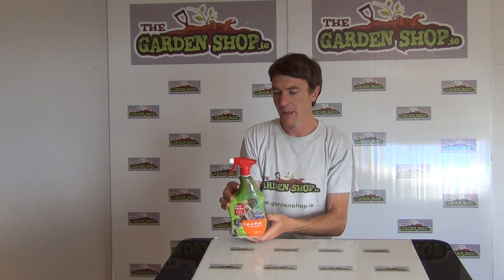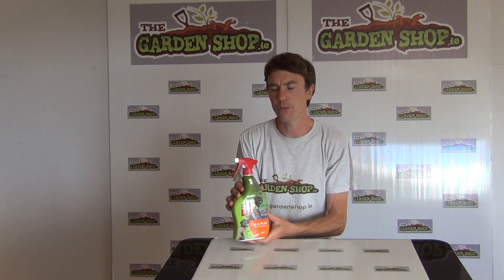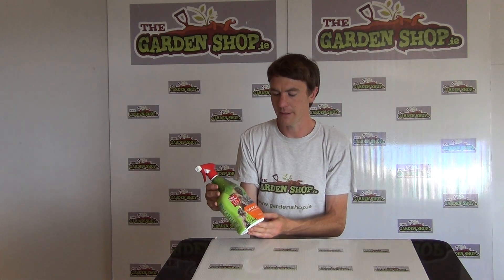One thing to note about it is that it can last for several weeks, however if you apply it and you have wet conditions after, you may need to reapply. That's the product — the dog and cat repellent from thegardenshop.ie.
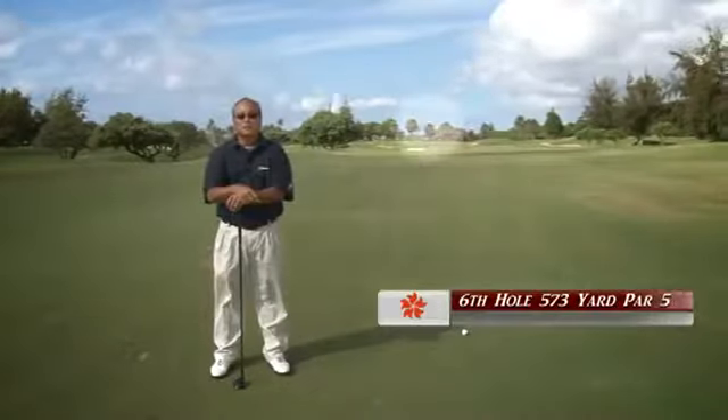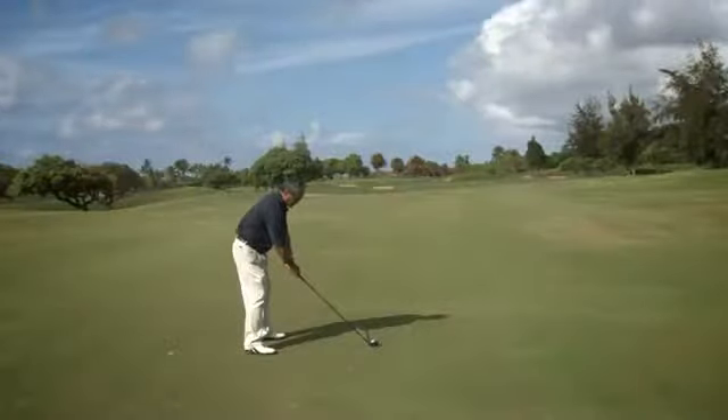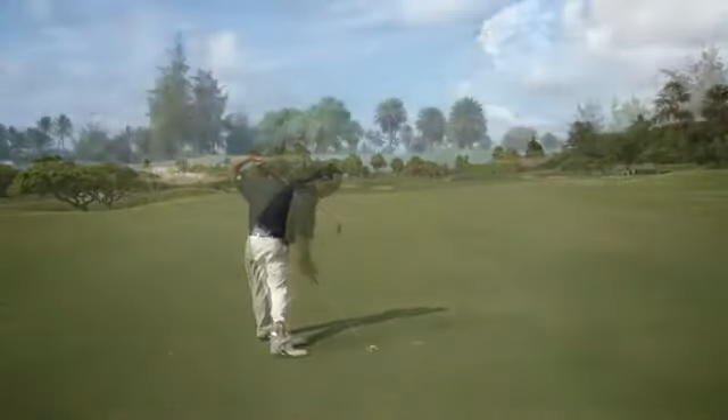Here we are on the second shot. The key to this shot is to avoid the two fairway bunkers both left and right, and a good layup shot will leave you about 100 yards out.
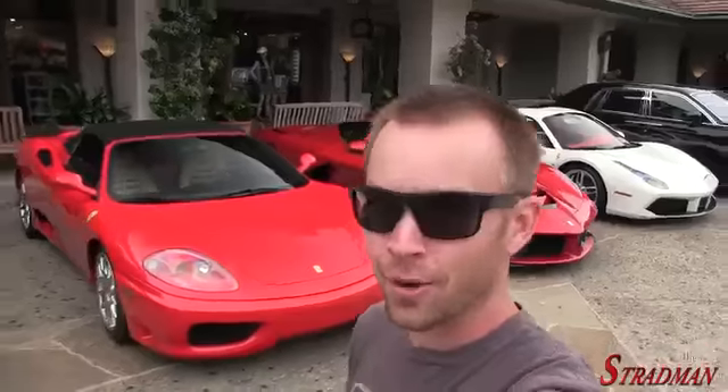I'm back here at Spanish Bay because you just never know what surprise is waiting for you. We saw the LaFerrari, what was it, yesterday, two days ago.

# Exercise instructions
All of the data above needs to be retyped exactly, with the pictures removed.

# Problem solution
One thing to note about it is that it can last for several weeks, however if you apply it and you have wet conditions after, you may need to reapply. That's the product — the dog and cat repellent from thegardenshop.ie.
Here we are on the second shot. The key to this shot is to avoid the two fairway bunkers both left and right, and a good layup shot will leave you about 100 yards out.
I'm back here at Spanish Bay because you just never know what surprise is waiting for you. We saw the LaFerrari, what was it, yesterday, two days ago.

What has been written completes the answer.